Task to complete: Transcribe the entries exactly; images are not part of the copy.

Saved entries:
^^^^^^^^

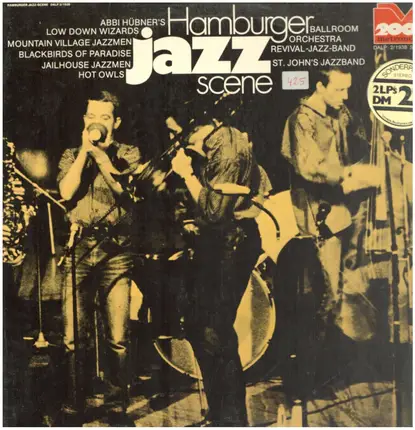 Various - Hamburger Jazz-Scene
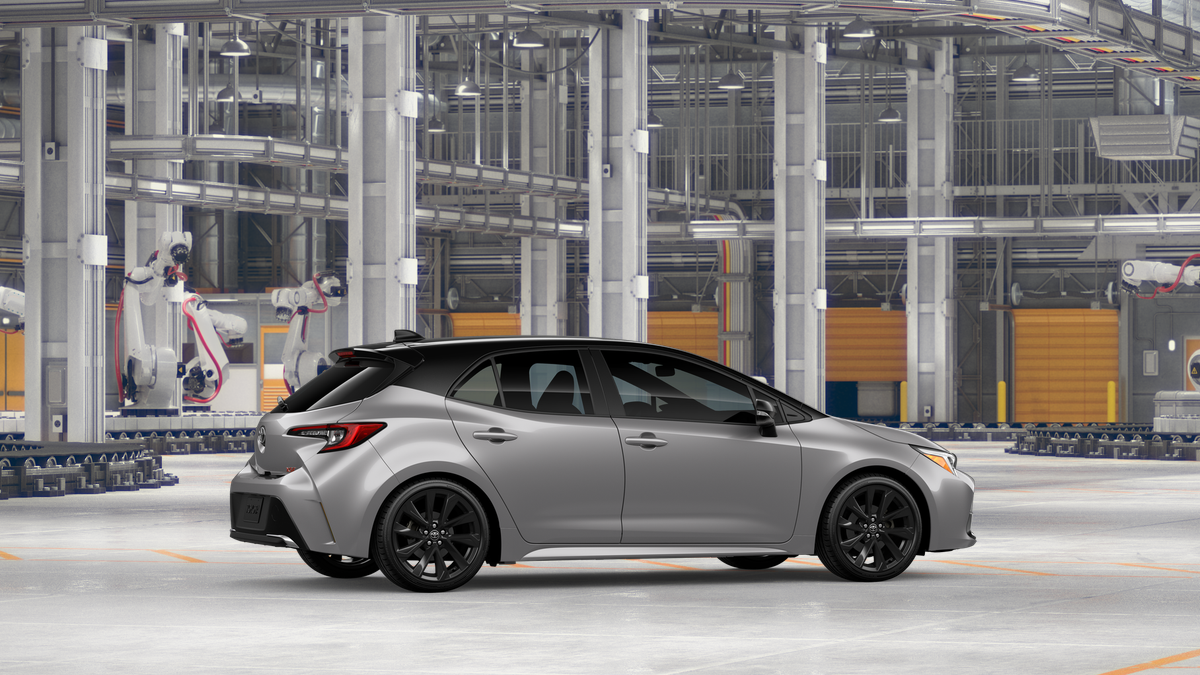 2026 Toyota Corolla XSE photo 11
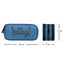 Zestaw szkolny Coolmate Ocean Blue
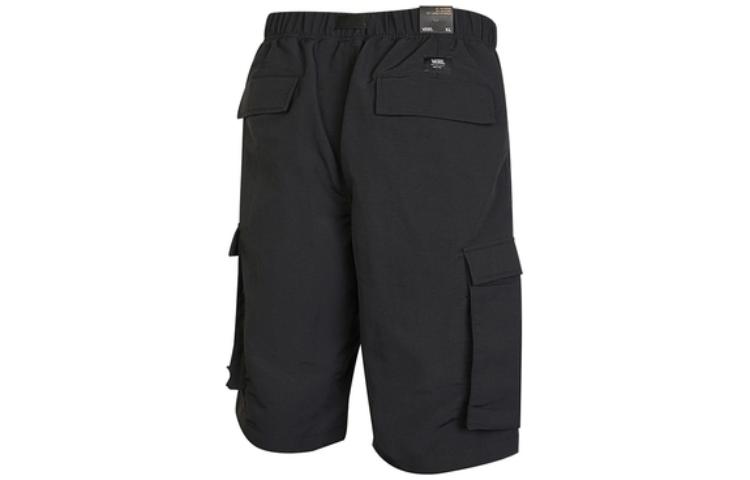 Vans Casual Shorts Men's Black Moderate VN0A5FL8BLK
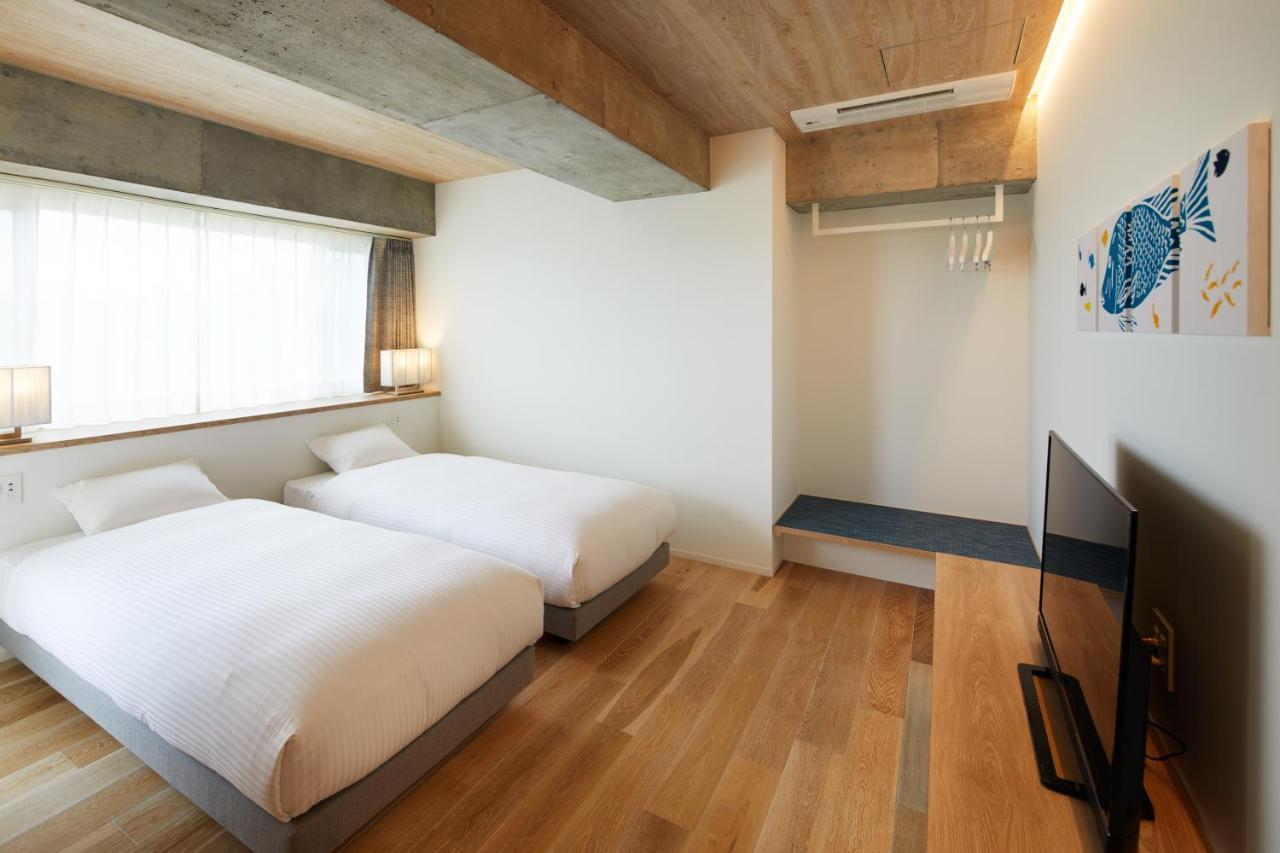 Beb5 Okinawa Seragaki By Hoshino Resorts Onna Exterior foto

^^^^^^^^

Answer space:
 Various - Hamburger Jazz-Scene
 2026 Toyota Corolla XSE photo 11
 Zestaw szkolny Coolmate Ocean Blue
 Vans Casual Shorts Men's Black Moderate VN0A5FL8BLK
 Beb5 Okinawa Seragaki By Hoshino Resorts Onna Exterior foto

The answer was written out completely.